DATA FOR ANALYSIS Start Marker
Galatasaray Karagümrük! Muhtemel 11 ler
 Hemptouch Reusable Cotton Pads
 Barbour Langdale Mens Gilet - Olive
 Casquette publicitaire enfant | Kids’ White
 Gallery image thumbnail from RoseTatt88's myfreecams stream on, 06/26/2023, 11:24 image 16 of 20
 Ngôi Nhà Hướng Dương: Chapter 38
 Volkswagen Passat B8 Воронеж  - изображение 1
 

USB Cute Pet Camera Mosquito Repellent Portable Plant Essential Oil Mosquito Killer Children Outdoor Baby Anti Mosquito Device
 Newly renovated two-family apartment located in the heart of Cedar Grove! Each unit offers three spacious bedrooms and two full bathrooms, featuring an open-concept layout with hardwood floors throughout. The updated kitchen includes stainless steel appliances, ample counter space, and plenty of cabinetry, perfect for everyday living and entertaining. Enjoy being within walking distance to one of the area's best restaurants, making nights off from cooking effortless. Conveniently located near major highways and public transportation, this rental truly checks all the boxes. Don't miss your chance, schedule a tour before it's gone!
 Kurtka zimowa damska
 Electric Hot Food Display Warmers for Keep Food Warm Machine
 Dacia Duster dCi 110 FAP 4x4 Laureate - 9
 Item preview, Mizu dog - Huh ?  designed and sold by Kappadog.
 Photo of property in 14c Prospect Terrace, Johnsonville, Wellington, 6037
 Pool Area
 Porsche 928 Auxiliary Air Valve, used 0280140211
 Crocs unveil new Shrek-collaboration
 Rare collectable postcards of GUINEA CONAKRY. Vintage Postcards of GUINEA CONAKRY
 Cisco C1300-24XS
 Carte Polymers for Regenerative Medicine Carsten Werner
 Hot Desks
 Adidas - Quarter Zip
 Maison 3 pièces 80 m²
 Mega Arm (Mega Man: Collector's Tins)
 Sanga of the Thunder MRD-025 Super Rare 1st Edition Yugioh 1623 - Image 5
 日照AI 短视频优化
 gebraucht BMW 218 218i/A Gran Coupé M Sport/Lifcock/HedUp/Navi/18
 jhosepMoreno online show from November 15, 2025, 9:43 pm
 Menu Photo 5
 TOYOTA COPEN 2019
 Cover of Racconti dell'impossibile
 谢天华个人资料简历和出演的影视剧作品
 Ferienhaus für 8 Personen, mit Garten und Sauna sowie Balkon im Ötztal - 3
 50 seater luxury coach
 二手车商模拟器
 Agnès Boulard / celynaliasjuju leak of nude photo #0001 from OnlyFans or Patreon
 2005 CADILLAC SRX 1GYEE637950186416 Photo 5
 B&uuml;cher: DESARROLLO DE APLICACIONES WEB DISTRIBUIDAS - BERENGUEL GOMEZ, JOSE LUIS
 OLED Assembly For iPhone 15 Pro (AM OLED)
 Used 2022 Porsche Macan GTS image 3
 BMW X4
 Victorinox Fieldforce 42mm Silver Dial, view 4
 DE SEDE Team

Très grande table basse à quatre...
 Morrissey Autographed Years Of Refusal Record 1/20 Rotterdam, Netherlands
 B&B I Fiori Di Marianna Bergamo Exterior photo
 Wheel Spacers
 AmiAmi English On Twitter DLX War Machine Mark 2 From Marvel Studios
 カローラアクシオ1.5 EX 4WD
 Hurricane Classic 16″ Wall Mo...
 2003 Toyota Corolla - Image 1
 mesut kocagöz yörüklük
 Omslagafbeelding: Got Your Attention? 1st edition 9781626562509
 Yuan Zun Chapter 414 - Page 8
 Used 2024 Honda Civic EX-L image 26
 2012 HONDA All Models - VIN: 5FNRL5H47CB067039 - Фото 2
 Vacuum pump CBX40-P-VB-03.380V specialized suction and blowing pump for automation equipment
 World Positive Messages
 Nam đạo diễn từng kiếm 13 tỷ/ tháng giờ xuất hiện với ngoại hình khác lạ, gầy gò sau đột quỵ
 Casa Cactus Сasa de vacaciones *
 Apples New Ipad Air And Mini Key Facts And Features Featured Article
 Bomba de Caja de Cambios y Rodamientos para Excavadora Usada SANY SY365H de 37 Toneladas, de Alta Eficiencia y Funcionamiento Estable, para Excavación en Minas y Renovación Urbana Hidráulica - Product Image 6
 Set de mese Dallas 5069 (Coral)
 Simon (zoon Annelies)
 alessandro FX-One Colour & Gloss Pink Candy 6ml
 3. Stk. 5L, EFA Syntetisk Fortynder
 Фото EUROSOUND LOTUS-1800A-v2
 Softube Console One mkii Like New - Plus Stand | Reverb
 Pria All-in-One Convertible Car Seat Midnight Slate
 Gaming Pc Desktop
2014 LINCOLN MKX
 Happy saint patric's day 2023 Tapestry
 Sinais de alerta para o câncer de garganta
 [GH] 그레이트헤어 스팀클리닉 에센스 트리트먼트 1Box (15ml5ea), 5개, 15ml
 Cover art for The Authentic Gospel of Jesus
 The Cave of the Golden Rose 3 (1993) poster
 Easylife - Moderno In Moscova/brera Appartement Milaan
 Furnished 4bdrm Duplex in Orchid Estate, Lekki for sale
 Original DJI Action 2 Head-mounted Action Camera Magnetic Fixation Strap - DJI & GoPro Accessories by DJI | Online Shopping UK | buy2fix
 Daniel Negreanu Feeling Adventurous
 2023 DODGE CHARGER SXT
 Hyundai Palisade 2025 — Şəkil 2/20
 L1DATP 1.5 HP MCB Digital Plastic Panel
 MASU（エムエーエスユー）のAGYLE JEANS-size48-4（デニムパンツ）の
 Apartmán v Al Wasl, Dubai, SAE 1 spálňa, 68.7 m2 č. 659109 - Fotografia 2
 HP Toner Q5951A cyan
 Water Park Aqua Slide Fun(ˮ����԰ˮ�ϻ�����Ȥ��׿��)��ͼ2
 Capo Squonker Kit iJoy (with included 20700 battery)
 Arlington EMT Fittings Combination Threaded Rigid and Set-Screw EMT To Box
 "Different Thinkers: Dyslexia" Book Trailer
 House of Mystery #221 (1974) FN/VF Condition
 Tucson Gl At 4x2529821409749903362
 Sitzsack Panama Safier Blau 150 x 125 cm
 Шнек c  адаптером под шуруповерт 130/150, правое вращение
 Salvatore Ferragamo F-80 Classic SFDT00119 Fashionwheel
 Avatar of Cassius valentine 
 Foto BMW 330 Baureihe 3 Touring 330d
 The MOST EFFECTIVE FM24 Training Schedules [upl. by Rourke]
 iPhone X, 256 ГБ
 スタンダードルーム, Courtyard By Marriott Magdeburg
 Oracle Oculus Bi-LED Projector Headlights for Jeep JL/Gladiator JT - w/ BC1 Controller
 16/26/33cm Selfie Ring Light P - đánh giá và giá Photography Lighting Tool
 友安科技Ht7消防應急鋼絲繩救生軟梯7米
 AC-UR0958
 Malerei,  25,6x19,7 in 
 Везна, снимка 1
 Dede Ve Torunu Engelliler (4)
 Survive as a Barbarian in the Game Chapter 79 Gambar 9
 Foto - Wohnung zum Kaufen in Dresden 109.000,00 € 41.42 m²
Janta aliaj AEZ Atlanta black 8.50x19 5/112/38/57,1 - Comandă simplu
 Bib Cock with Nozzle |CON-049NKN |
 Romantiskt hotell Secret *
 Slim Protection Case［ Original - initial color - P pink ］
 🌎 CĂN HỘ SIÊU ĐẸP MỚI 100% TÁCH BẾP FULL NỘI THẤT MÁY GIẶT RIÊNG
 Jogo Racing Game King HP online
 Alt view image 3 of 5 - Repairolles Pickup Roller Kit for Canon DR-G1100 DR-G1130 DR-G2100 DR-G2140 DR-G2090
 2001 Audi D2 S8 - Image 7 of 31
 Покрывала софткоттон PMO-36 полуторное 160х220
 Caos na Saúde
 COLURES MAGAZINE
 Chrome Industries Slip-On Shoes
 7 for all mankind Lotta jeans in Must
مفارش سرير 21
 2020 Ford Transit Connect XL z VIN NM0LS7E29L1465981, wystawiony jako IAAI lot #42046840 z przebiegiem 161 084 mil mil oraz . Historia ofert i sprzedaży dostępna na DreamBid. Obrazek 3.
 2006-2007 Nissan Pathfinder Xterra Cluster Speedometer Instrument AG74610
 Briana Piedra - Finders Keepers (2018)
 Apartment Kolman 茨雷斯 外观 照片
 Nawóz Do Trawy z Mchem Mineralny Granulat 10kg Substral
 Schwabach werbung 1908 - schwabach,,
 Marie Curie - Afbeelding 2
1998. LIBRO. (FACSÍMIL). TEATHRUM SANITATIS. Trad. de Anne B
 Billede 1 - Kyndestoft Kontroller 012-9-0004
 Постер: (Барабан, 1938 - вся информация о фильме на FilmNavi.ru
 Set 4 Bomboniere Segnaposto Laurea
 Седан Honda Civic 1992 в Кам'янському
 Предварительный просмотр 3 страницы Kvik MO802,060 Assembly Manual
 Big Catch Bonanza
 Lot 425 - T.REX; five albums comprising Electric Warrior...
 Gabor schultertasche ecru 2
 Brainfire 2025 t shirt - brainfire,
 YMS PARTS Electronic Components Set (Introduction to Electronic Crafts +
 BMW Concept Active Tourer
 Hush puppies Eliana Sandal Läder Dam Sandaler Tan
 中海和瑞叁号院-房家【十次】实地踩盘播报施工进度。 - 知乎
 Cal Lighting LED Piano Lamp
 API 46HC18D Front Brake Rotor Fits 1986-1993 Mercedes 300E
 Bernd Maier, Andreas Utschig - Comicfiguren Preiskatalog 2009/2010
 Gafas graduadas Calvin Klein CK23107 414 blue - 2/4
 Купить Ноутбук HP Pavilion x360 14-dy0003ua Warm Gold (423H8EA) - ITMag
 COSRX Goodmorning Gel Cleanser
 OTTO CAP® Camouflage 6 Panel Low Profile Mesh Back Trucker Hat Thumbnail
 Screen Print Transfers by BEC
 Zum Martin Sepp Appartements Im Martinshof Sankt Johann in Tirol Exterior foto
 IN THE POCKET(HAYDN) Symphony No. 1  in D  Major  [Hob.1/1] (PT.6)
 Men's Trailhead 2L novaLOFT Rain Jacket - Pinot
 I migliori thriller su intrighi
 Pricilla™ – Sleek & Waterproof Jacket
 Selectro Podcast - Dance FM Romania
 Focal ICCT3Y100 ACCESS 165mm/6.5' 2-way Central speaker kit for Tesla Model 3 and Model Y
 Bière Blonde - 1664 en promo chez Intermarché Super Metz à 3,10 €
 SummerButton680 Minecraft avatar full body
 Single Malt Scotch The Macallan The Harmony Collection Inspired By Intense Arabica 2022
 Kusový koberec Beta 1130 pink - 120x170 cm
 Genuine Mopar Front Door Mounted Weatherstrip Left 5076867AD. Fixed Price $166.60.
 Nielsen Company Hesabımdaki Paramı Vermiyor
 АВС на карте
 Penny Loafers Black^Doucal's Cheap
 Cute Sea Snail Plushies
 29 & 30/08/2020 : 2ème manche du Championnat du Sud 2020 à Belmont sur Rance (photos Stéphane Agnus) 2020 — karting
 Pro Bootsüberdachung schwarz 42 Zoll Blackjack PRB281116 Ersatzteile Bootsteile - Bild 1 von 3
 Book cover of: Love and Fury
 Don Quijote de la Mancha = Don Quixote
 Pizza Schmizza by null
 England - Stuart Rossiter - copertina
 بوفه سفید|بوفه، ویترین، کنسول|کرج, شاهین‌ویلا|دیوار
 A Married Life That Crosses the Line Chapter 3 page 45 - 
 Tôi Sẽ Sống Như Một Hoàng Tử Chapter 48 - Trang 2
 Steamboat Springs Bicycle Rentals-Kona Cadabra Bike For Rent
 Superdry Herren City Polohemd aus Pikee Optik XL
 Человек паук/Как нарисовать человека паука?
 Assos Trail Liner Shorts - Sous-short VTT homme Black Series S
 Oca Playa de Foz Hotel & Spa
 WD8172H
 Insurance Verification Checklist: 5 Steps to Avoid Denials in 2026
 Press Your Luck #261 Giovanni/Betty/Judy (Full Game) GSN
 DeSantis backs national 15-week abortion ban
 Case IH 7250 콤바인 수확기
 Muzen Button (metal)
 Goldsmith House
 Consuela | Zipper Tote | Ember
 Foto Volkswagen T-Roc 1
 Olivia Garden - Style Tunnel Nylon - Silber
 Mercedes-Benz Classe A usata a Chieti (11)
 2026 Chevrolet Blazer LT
DATA FOR ANALYSIS End Marker
> [TASK INSTRUCTIONS]: Show the lines of the entries that include the string "House", copying each in full.

> [SOLUTION]:
 House of Mystery #221 (1974) FN/VF Condition
 Goldsmith House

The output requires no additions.